Record set: Begin

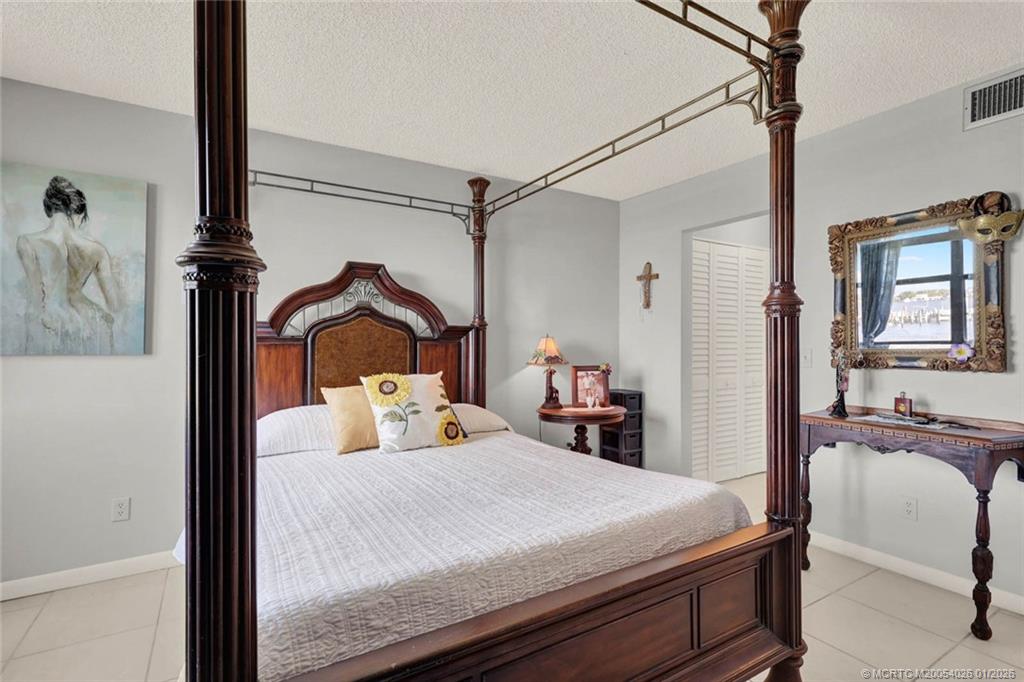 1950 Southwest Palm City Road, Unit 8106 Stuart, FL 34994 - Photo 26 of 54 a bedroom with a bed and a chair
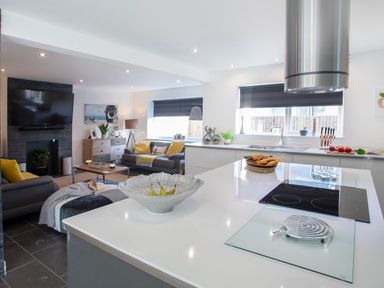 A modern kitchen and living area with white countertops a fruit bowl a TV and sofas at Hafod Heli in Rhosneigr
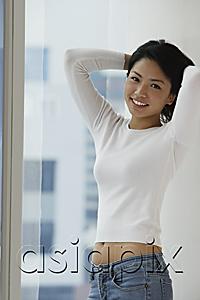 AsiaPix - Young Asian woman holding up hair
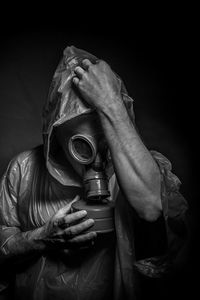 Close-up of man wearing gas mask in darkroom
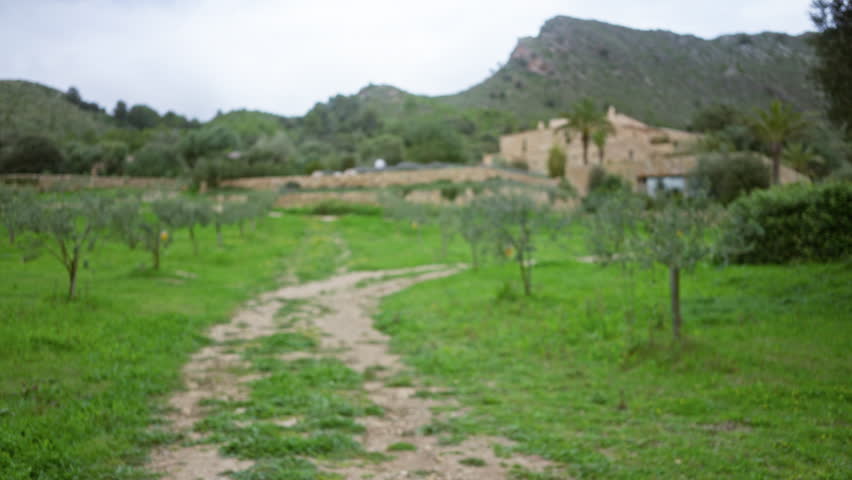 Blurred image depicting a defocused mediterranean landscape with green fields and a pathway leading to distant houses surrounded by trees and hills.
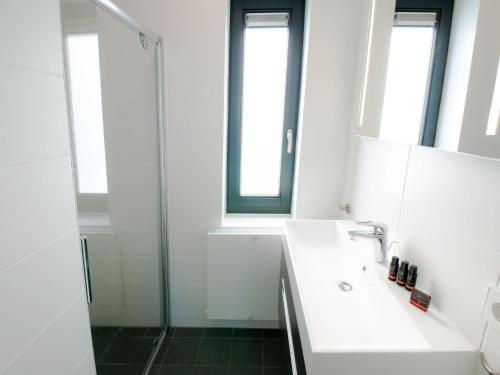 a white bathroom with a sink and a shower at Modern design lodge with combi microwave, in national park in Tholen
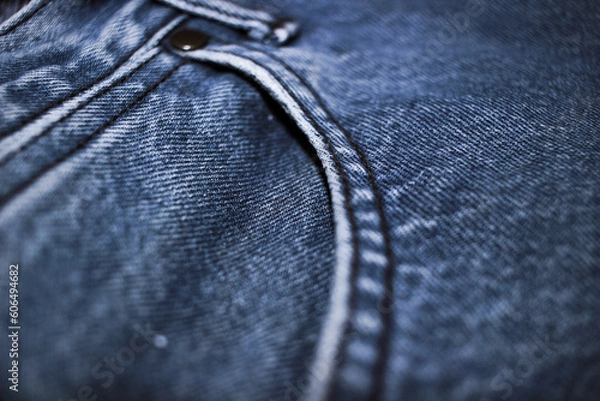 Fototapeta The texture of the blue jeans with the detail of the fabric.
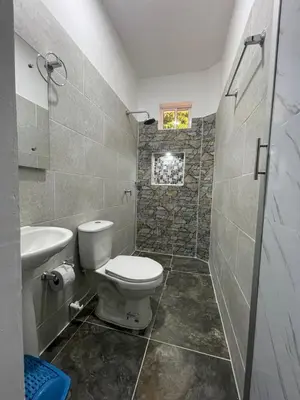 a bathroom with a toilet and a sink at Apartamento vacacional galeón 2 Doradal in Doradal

Record set: End
Record set: Begin

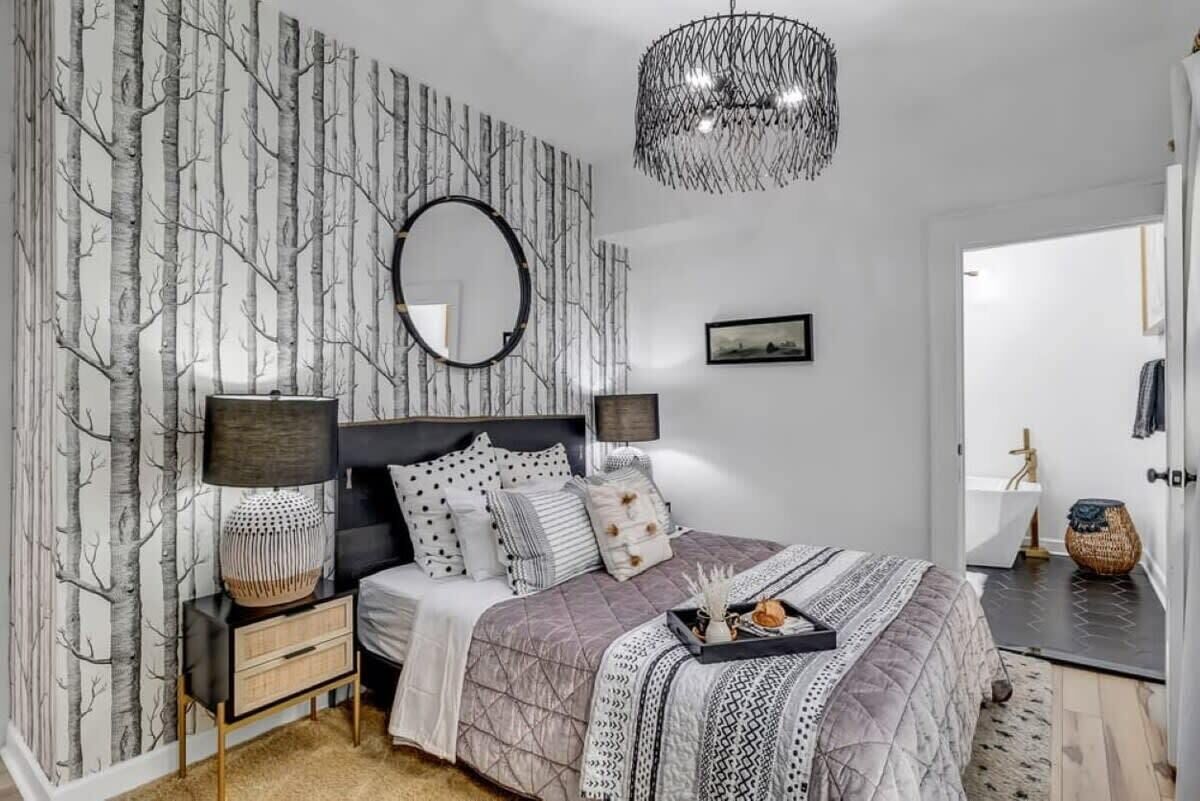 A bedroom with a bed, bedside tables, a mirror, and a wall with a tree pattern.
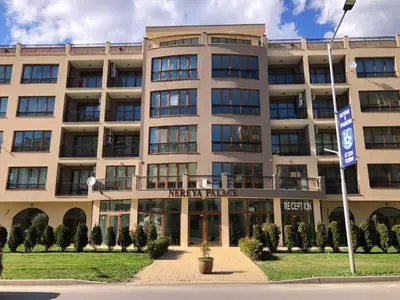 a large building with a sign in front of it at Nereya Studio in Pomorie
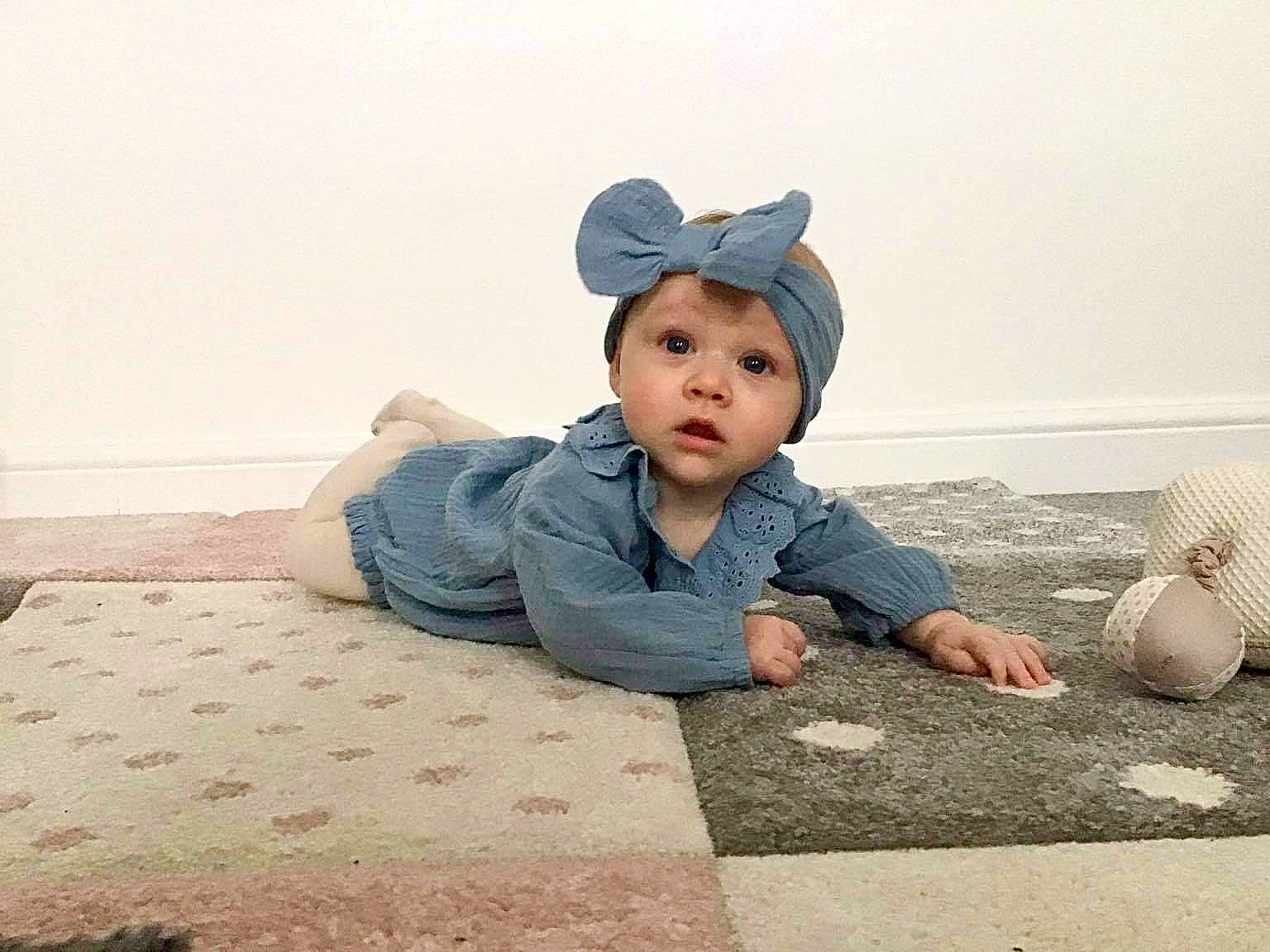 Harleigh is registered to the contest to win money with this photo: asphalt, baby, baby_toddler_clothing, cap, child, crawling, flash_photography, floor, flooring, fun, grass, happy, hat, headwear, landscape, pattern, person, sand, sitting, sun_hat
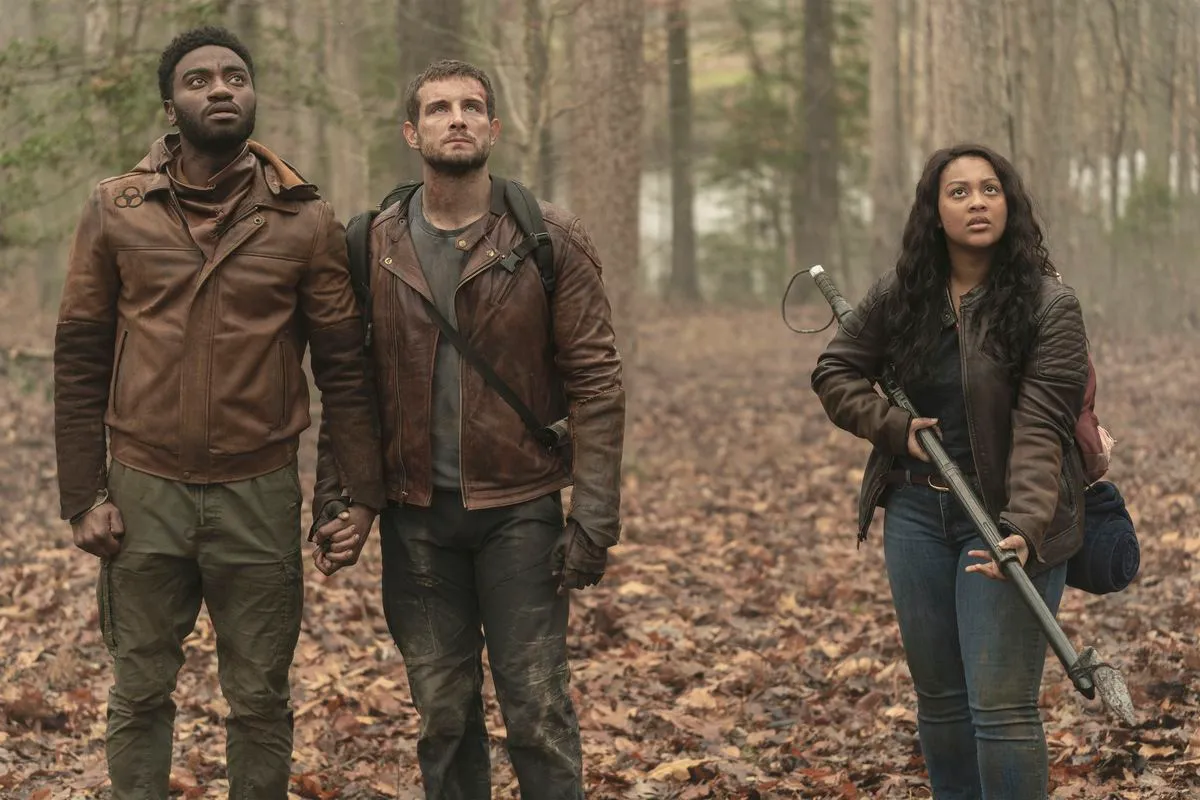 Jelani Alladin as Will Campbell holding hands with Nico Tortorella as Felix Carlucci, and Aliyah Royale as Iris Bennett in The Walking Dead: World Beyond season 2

Record set: End
Record set: Begin

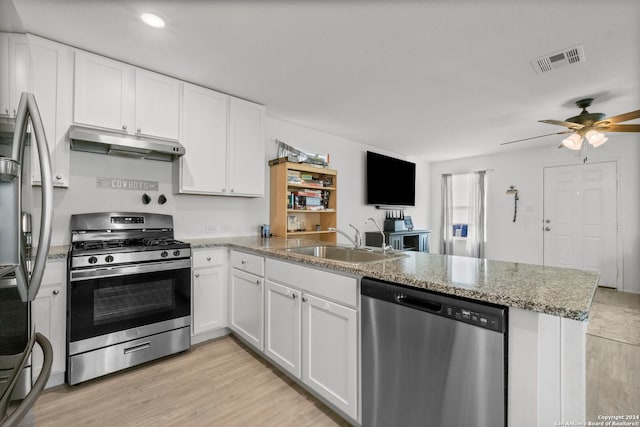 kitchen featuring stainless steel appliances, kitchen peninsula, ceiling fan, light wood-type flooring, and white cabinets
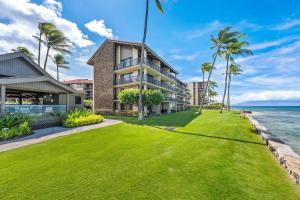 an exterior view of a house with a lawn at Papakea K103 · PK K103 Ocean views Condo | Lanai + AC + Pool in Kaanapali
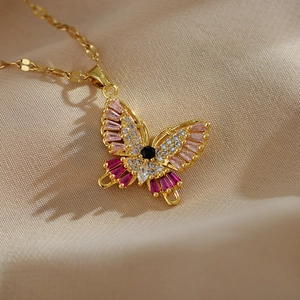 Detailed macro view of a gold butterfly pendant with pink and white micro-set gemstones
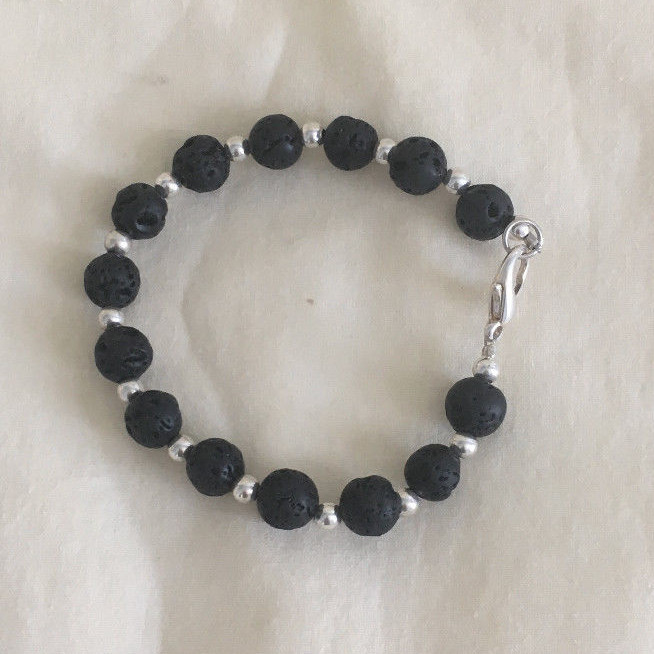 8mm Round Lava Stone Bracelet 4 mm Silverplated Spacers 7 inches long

Record set: End

What the task requires =>
Once the line with "1950 Southwest Palm" is found above, print it and every line after it through the line with "Close-up of man wearing gas mask in darkroom", exactly. Pictures stay out.

Solved problem =>
 1950 Southwest Palm City Road, Unit 8106 Stuart, FL 34994 - Photo 26 of 54 a bedroom with a bed and a chair
 A modern kitchen and living area with white countertops a fruit bowl a TV and sofas at Hafod Heli in Rhosneigr
 AsiaPix - Young Asian woman holding up hair
 Close-up of man wearing gas mask in darkroom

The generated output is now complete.